Overjoyed, she opts to not tell her husband and keeps the find to herself. Using her job at the bank, she checks the legitimacy of the notes. They’re real. The next night, she hears the sink again. Lo and behold, more rolls of notes float to the surface.
But then, bad news. In an attempt to weed out counterfeit notes and money linked to terrorists, Prime Minister Narenda Modi makes the move to discontinue all 500 and 1000 Rupee notes from midnight. This actually happened in 2016 and there’s a whole sub genre of movies in India that deals with demonetisation.
Choked takes too much time to say very little. Its setup and premise certainly is intriguing and not having seen the trailer, its reveal of ceasing certain note circulation raised my interest levels for how it would play out. Unfortunately, it doesn’t capitalise on its race-against-time potential and the narrative all but grinds to a halt until a mostly unsuccessful last gasp effort to inject some thrills.
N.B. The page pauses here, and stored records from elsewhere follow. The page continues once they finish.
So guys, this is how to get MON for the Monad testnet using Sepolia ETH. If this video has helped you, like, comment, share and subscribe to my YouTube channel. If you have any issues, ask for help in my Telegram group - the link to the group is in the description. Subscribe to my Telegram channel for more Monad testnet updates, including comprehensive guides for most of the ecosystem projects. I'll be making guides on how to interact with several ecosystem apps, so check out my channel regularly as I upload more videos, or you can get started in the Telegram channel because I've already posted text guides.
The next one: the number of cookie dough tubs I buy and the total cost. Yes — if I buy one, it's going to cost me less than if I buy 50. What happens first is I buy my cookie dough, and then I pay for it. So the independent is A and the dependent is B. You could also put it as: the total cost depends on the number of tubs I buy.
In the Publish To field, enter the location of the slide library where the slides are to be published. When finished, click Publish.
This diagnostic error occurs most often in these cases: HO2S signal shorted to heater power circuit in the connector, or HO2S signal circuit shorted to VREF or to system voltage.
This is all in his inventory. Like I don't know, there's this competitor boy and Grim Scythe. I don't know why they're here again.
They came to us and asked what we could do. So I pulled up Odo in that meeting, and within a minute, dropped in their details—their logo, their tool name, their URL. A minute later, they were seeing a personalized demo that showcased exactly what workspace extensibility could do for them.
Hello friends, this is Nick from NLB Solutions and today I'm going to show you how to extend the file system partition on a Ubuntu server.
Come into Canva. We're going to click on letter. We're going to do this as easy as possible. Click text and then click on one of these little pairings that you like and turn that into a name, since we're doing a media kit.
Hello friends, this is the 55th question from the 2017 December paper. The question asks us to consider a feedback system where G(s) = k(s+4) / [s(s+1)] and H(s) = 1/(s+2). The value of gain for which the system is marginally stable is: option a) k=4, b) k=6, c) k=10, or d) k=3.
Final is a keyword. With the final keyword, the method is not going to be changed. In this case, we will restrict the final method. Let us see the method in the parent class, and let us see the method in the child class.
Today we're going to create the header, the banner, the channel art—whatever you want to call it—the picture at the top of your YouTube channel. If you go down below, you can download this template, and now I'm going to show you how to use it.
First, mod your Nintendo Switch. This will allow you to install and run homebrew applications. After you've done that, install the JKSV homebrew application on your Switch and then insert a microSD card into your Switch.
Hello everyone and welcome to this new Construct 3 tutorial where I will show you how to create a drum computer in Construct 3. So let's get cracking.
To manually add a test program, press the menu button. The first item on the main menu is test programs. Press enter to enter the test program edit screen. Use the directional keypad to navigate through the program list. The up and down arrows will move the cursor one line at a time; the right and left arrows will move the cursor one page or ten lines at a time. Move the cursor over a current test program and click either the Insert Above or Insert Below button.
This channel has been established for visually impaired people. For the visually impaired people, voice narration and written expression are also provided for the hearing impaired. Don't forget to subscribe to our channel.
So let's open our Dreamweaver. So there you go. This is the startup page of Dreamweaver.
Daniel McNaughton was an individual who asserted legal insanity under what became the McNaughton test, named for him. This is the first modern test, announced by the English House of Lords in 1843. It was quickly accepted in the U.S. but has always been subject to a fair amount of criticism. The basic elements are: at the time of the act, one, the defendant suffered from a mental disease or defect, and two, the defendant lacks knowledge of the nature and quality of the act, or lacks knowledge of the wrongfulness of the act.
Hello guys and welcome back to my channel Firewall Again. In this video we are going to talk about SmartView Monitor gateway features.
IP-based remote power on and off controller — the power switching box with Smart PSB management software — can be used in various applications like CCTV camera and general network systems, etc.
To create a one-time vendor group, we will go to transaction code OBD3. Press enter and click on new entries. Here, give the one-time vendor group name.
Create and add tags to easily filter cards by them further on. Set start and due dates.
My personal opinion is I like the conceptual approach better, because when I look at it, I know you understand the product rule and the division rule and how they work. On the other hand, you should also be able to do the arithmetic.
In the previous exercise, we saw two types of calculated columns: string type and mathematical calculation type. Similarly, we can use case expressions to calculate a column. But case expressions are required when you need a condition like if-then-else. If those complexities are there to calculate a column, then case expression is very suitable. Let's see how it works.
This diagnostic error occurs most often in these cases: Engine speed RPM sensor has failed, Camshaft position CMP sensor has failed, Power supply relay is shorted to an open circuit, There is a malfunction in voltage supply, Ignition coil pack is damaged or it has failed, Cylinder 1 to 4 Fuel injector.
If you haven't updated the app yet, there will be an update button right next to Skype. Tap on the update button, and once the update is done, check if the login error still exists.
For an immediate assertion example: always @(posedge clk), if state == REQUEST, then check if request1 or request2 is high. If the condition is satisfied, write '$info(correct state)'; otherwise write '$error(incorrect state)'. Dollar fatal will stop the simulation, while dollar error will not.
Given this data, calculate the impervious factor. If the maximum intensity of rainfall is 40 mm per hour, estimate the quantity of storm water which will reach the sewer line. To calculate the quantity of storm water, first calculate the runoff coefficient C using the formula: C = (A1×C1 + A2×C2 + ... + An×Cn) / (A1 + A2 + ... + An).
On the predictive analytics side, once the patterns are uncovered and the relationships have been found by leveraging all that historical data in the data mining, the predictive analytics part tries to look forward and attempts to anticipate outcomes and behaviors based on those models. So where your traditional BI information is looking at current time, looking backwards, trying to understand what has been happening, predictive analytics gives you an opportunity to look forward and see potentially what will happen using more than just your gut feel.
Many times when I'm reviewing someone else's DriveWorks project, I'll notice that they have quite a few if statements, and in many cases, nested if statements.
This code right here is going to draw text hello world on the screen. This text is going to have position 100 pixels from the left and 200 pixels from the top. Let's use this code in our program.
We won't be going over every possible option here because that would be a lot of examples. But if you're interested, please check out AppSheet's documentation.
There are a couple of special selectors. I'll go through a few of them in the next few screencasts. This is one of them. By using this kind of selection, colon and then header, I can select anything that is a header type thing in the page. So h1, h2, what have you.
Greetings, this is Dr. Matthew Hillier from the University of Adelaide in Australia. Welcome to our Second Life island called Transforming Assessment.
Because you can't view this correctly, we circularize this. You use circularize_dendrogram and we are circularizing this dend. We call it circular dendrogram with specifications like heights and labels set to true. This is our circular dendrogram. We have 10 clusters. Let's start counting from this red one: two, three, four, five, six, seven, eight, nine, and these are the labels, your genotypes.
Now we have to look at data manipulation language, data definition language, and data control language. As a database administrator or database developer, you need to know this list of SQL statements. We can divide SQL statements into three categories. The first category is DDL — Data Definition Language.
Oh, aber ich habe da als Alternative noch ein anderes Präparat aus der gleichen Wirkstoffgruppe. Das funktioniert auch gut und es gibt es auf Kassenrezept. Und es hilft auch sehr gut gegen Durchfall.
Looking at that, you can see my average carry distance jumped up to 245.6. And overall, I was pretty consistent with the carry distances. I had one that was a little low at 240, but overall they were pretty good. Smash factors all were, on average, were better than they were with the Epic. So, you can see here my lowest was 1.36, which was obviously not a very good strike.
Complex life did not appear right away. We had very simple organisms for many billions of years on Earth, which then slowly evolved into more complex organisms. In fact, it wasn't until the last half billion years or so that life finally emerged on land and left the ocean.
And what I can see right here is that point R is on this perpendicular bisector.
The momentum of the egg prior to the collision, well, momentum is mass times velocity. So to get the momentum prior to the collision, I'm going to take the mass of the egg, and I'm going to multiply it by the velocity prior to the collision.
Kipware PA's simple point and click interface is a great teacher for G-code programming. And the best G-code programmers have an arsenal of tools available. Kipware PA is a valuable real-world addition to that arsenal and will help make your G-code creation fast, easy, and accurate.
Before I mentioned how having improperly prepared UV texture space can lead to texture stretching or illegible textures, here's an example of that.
It’s reassuring then that the players of Choked are the saving grace. Sarita clearly deserves your sympathy in her unenviable living situation and this is most certainly due to Saiyami Kher’s pleasant presence. She’s the glue that holds the crumbling (both literally and physically) household – and indeed Choked – together. It’s apparent that she’s burdened with countless responsibilities, both her own and of others. Namely, her slacker husband Sushant played brilliantly by Roshan Mathew.
Sushant’s an inherently (and deliberately) unlikeable man who becomes increasingly nerve-grating as time wears on. His inability to own up to his actions and to continuously make excuses for his deadbeat ways give us all the more reason to root for Sarita. Roshan Mathew still somehow manages to retain a glimmer of hope for Sushan with a hidden charm and you can see why Sarita sticks around. Their rocky marriage is the real story here and Choked works much better when we’re prying into their personal life than it does as a fiduciary thriller.
The punchy jazz-like drum driven score keeps scenes popping even when there’s minimal action on screen. Its music which reminded me of the likes of 2015’s Michael Keaton one-take drama Birdman and to a lesser extent, the 2014 Miles Teller skin-thumper Whiplash. It’s undeniably one of Choked’s greatest assets.
Overall then, Choked has a plot that is as thin as the notes its printed on, but some rich characters and a spirited score result in two hours well spent.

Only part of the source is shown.